NCERT Solutions for Class 9 Science, Chapter 8: Motion

Class 9 is the first stepping stone for a student in the competitive world. With the introduction of the CBSE Board Exam for class 10 a few years back, this has become an important gateway for a student. Based on the results of class 9th a student selects his future stream of Science, Commerce or Arts suiting his interest.

Takshila Learning is providing NCERT Solutions for Class 9 Science as per the latest syllabus by CBSE. Class 9 is the building block for the CBSE Class 10 Board Exams, not only for your exams but also for your higher studies and career. Science is the most essential subject and the knowledge in this field opens up wider career opportunities for the students.

Below you can find the NCERT solution for Class 9th Science.
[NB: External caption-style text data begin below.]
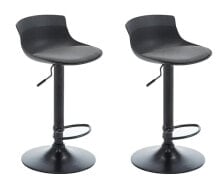 Bar stools for the kitchen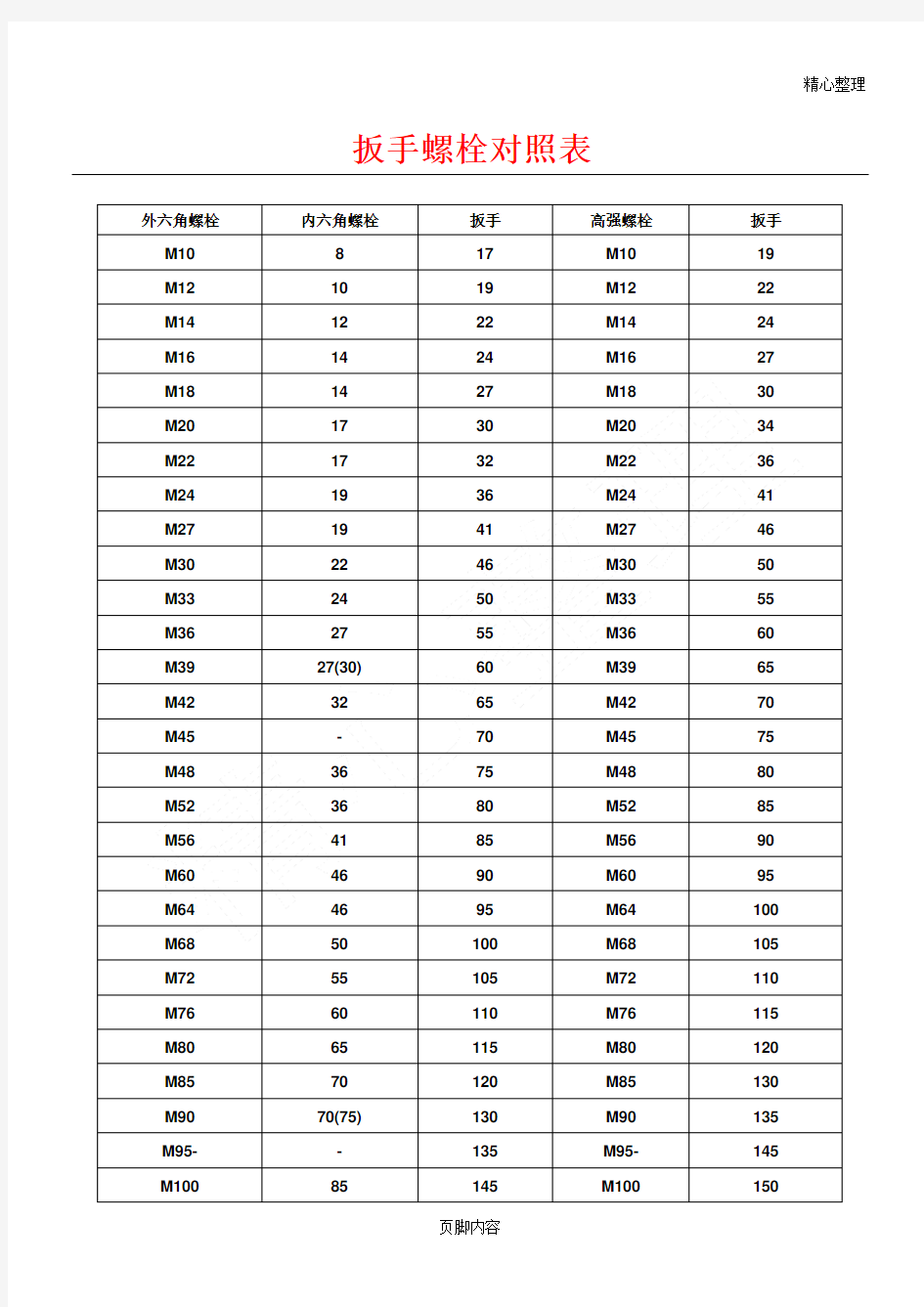 螺栓与扳手对照表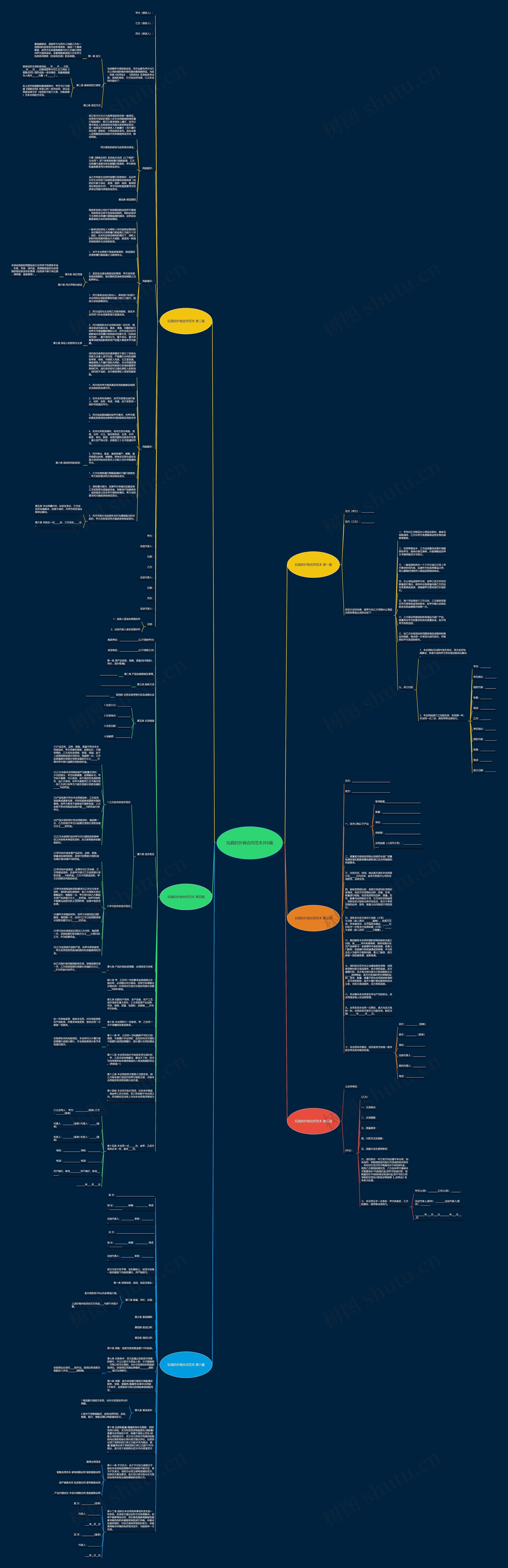 玩具的外销合同范本共6篇思维导图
You can get a Solution for the all-important question of Class 9 Science, Chapter 8: Motion

Chapter 8 Motion

Important Formulae

(1) 1st equation formula -v=u+at

(2) 2nd equation formula -s=ut+1/2at^2

(3)3rd equation formula -v^2=v^2+at

(4)momentum=mass × velocity

(5)force=mass ×acceleration

(6) acceleration =change in velocity /time take

(7)speed =distance /time

(8)velocity =displacement /time

 

Pg 100

Q1. An object has moved through a distance. Can it have zero displacement? If yes, support your answer with an example.

 

Solution

Yes. An object that has moved through a distance can have zero displacement. Displacement is that the shortest measurable distance between the initial and therefore the final position of an object. An object which has covered a distance can have zero displacement, if it comes back to its place to begin, i.e., the initial position.

 

Consider the subsequent situation. a person is walking in an exceedingly square park of length 20 m (as shown within the following figure). He starts walking from point A and after moving along all the corners of the park (point B, C, D), he again comes back to the identical point, i.e.,

A.

 

Here, the total distance covered by the man is

20 m + 20 m + 20 m + 20 m = 80 m.

However, here displacement is zero as the shortest distance between his initial and final position is zero.

 

Q2. A farmer moves along the boundary of a square field of side 10 m in 40 s. What will be the magnitude of displacement of the farmer at the end of 2 minutes 20 seconds?

 

Solution

The farmer takes 40 s to cover 4 × 10 = 40 m.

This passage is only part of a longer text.